Step 1: Locate the Account ID

  1. Log into the Cloudflare Dashboard.
  2. Select any zone in the target account.
  3. On the zone overview page, find the Account ID in the right sidebar under the “API” section. Cloudflare Account ID
The Account ID is a 32-character hexadecimal string (e.g., 372e67954025e0ba6aaa6d586b9e0b59). This value acts as the unique identifier for the Cloudflare account in Prowler Cloud.

Step 2: Open Prowler Cloud

  1. Go to Prowler Cloud or launch Prowler App.
  2. Navigate to “Configuration” > “Cloud Providers”. Cloud Providers Page
  3. Click “Add Cloud Provider”. Add a Cloud Provider
  4. Select “Cloudflare”. Select Cloudflare
  5. Add the Account ID and an optional alias, then click “Next”. Add Cloudflare Account ID

Step 3: Choose and Provide Authentication

After the Account ID is in place, select the authentication method that matches the Cloudflare setup: Select Authentication Method
  1. Select API Token.
  2. Enter the User API Token created in the Cloudflare Dashboard.

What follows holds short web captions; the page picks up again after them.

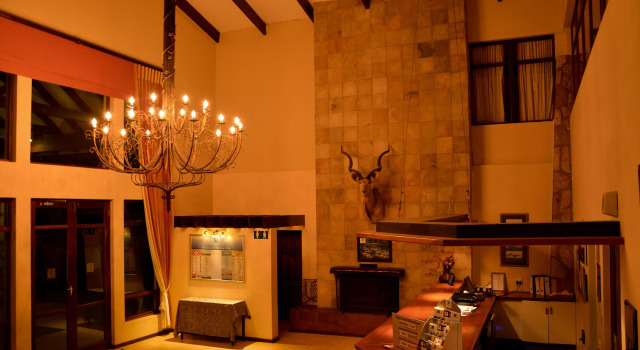 Gooderson Drakensberg Gardens Golf & Spa Resort, Забронировать Курортный отель Отели Дракенсберг-Гардена с бассейном, Бассейн
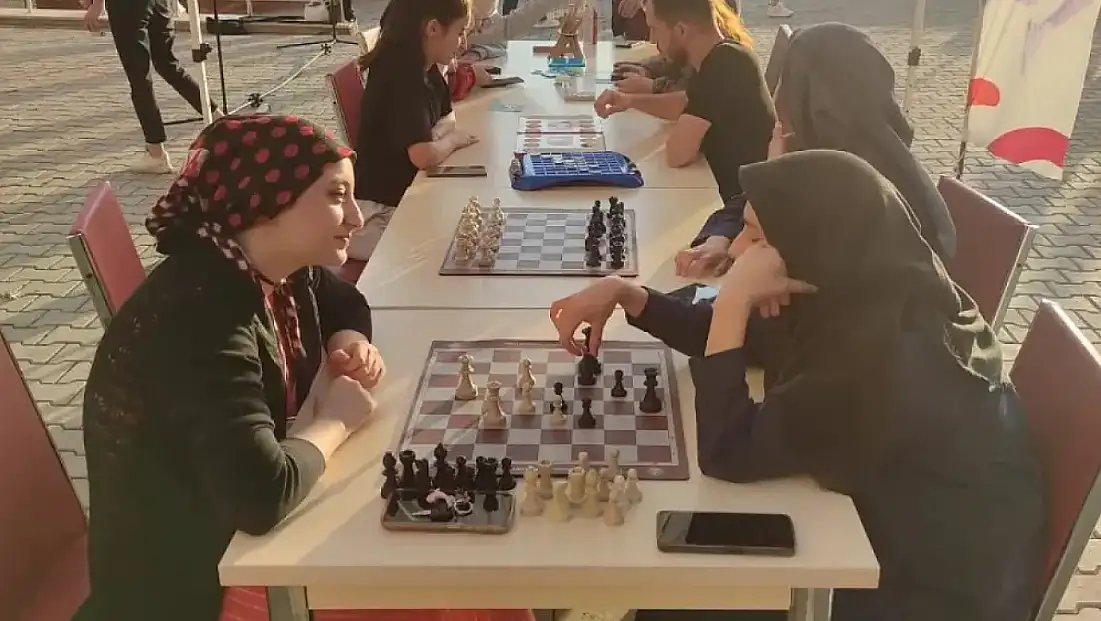 Siirt Hassa Hatun Kız Öğrenci Yurdu’nda “Sosyal Medyadan Sosyal Meydana” Etkinliği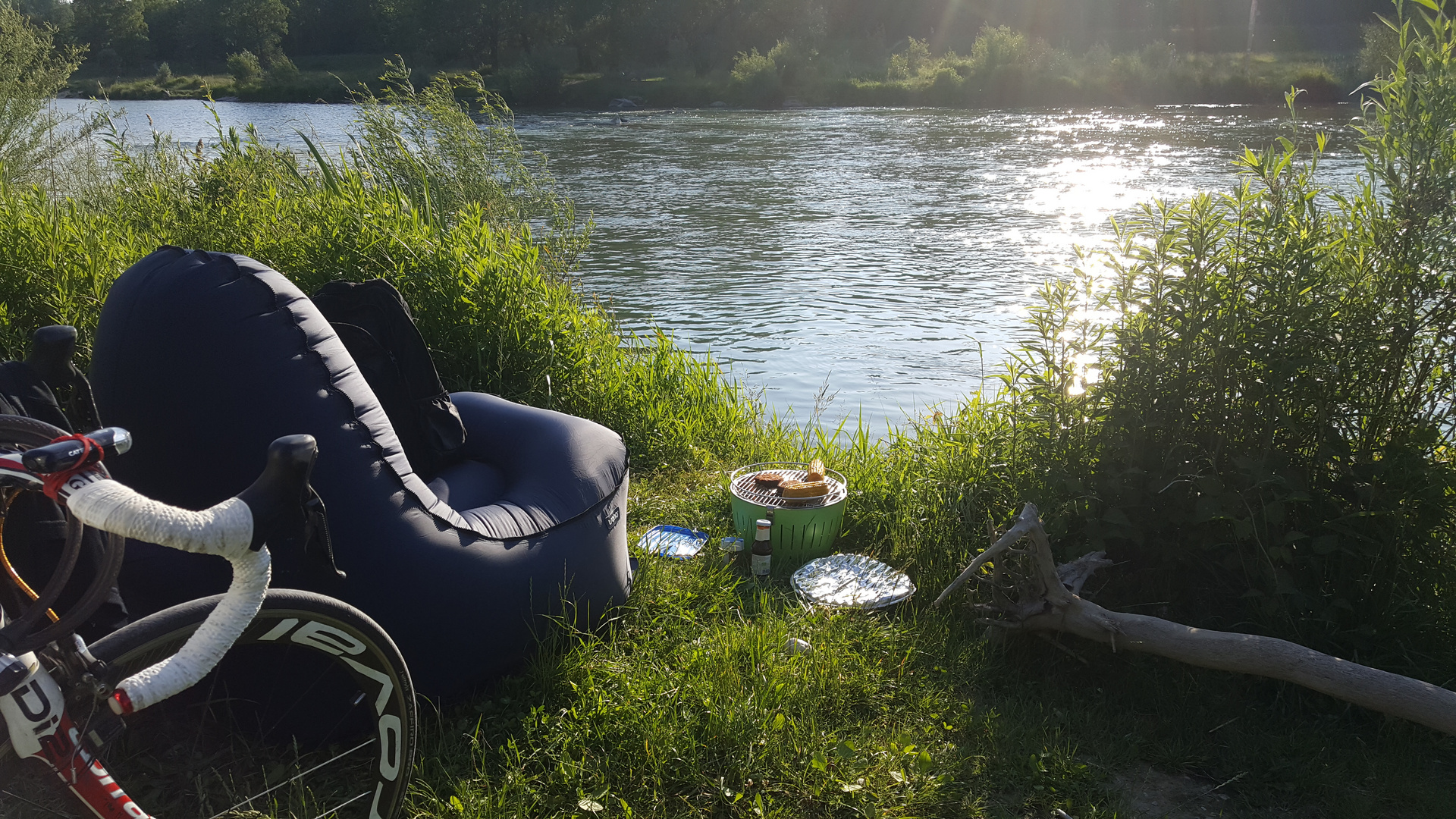 An der Isar mit Luftsessel und Grill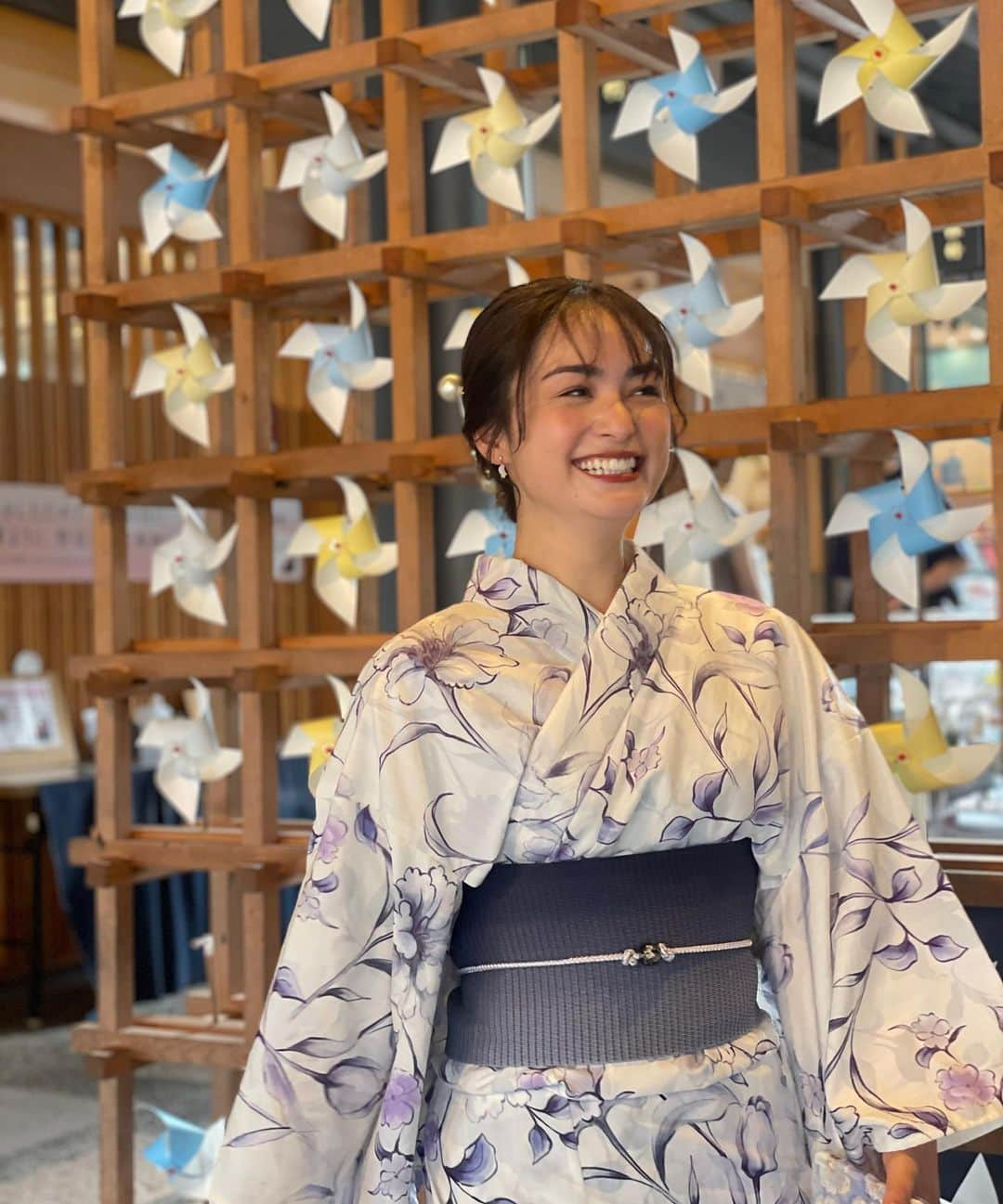 松原菜摘のインスタグラム：「先日念願の京都嵐山に行ってきました🎍♡ 嵐山に行ったのは小学生の時以来で 前日からワクワクで眠れないくらい…🫢 (くらい)  浴衣を着ていく京都は 本当にとっても楽しかった💐 外国籍の方がたくさん旅行に来ていて みんなたくさん写真を撮ってたのですが 「hey~‼︎ こんにちはsay!!!!」 と内カメで一緒に「こんにちは~‼︎✌️」 とゆって一緒に写真をとったり♡ みんなすれ違う人☺︎☺︎っと笑顔の方ばかりで…♡  なんか、改めて笑顔っていいな~ って思ったり 知らない人と挨拶したり写真撮ったりする事って あんまり日本人では文化がなくて ちょっと戸惑ったりしちゃったりもするけど でも、そうゆう思い出って案外1番忘れられなかったり、 思い出に残ることだったりする🫢 心やからだに余裕や余白があると そうゆう事に気付けたりもするのかも♡とも🫧 笑顔って全世界共通でとっても大事❣️ って改めておもいました♡って話です  とっても素敵な場所でした😌🫧 またいきたい！  #京都 #嵐山 #竹林の小径 #京都観光 #京都カフェ #浴衣 #浴衣女子 #kyotojapan #kyoto #arashiyama #yukata #model」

API Token Form
Use this method for scoped, least-privilege access. Full setup steps are in the Authentication guide.

API Key and Email Authentication (Legacy)

  1. Select API Key + Email.
  2. Enter the Global API Key.
  3. Enter the email address associated with the Cloudflare account. API Key and Email Form
For the complete setup workflow, follow the Authentication guide.

Step 4: Launch the Scan

  1. Review the summary.
  2. Click Launch Scan to start auditing Cloudflare. Launch Scan

Prowler CLI

Added in: 5.17.0

Step 1: Set Up Authentication

Choose the matching method from the Cloudflare Authentication guide:
  • User API Token (recommended): Set CLOUDFLARE_API_TOKEN
  • API Key + Email (legacy): Set CLOUDFLARE_API_KEY and CLOUDFLARE_API_EMAIL

Step 2: Run the First Scan

Run a baseline scan after credentials are configured: 
prowler cloudflare
Prowler automatically discovers all zones accessible with the provided credentials and runs security checks against them.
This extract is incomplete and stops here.